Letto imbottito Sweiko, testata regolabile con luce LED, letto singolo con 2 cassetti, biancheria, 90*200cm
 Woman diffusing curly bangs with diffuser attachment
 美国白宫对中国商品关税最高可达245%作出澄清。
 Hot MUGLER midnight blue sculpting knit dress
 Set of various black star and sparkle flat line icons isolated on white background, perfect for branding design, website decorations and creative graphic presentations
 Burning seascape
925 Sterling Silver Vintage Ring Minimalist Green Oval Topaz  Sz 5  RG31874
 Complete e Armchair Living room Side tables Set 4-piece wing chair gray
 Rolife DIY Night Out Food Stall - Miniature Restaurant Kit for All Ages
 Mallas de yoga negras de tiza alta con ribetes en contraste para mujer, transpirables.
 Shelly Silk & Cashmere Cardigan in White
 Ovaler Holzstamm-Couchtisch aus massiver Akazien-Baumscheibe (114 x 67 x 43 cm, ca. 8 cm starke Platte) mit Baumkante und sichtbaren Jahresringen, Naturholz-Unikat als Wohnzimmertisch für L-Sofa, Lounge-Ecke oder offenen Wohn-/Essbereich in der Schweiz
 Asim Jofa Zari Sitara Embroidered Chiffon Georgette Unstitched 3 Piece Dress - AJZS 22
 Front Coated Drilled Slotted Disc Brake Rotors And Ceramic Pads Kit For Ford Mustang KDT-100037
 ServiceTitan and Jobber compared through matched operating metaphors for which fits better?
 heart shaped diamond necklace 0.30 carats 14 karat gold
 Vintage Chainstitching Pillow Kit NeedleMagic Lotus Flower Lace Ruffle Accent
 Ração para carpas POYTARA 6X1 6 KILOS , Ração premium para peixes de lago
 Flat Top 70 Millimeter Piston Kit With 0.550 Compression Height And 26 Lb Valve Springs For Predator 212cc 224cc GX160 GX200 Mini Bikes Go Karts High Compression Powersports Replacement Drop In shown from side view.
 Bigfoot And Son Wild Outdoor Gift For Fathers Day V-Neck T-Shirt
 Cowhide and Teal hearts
-*-*-
-- About this exercise --
Retype the records above, but only those lines that fall between the line containing "Asim Jofa Zari" and the line containing "ServiceTitan and Jobber", with both of those lines included, exactly as written.

-- Answer for this exercise --
 Asim Jofa Zari Sitara Embroidered Chiffon Georgette Unstitched 3 Piece Dress - AJZS 22
 Front Coated Drilled Slotted Disc Brake Rotors And Ceramic Pads Kit For Ford Mustang KDT-100037
 ServiceTitan and Jobber compared through matched operating metaphors for which fits better?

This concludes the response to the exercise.